Leisure\/loisir | 2017
Arnon Hershkovitz; Sharon Hardof-Jaffe
ABSTRACT Genealogy has gained much popularity in recent years as a lifelong learning endeavor, usually conducted by adults during their leisure time. So far, only little is known about the educational aspects of genealogy. In this study, we define six characteristics of genealogy as lifelong learning: harmonious passion, suddenly triggered; implementation of research practices; inductive and deductive relationships with multiple disciplines; technology as a research partner; consuming information and producing knowledge in multiple representations; and strengthening intergenerational connections – present, past and future. This set of characteristics is based on a qualitative study of active genealogists (N = 8) through in-depth interviews.
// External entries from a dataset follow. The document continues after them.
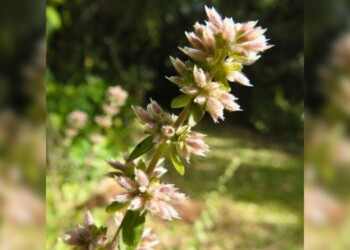 “Solo quedan dos ejemplares de Mentita Campera y el único lugar del mundo donde crece es San Ignacio”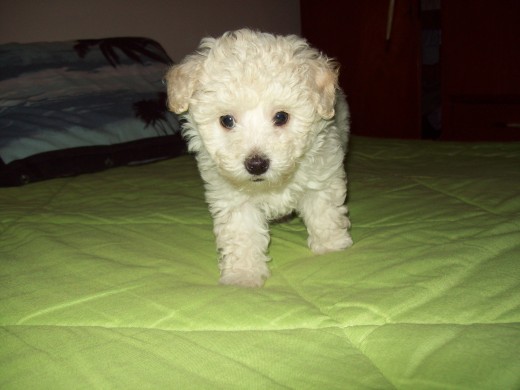 ES UNA NENA HERMOSA DE COLOR MARFIL EN SUS OREJITAS Y EN SUS PATITAS, CON SOLO DOS MESES ES MUY INTELIGENTE Y EDUCADA.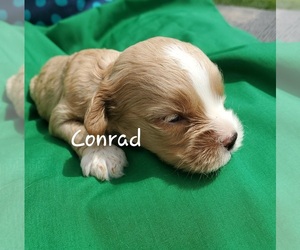 Cavapoo Puppy for sale in COLBY, WI, USA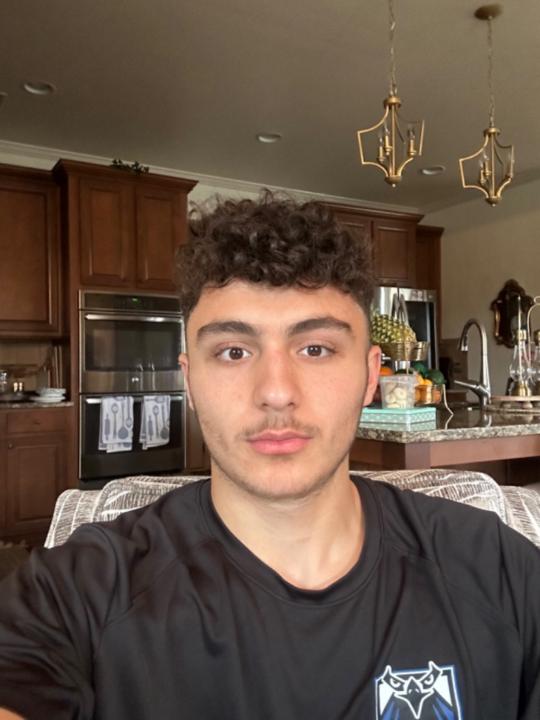 Taha Hamed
We discuss these features and their implications on learning and teaching genealogy to various audiences.
artificial intelligence in education | 2013
Arnon Hershkovitz; Ryan S. Baker; Gregory R. Moore; Lisa M. Rossi
Affect has been hypothesized to play a significant role in triggering engagement/disengagement during learning. In this paper, we study the inter-relationships between students’ affect (boredom, confusion, frustration, engaged concentration) and their engaged and disengaged behaviors (off-task, on-task solitary, on-task conversation, gaming the system). We study these relationships in the context of four different software programs, involving students of different ages, in order to increase confidence in the generalizability of the findings. Understanding these relationships might assist in maintaining students’ engagement over time.
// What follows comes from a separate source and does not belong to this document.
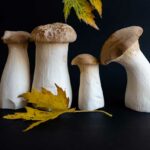 Four King Oyster Mushrooms of Different Sizes.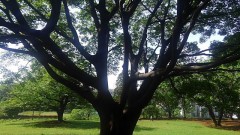 【お題日記】わたし動物占いだと◯◯です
Education and Information Technologies | 2018
Amir Abd Elhay; Arnon Hershkovitz
Communication between students and teachers is usually extended beyond the classroom’s time and space. This communication, referred to as out-of-class communication (OCC), may impact students’ academic, social, and emotional development. Today, OCC is facilitated via social media and instant messaging services, which may affect its nature. This quantitative study (N = 155) aims to analyze the impact of WhatsApp™-based OCC between middle- and high-school teachers and their students on two variables that are key to learning and teaching: Teacher-student relationship and classroom environment. The data was collected through teachers’ self-reported questionnaires. Overall, we find that despite manifested somewhat differently from traditional OCC, teachers’ use of WhatsApp for OCC is also associated with better relationship with students and with better classroom environment.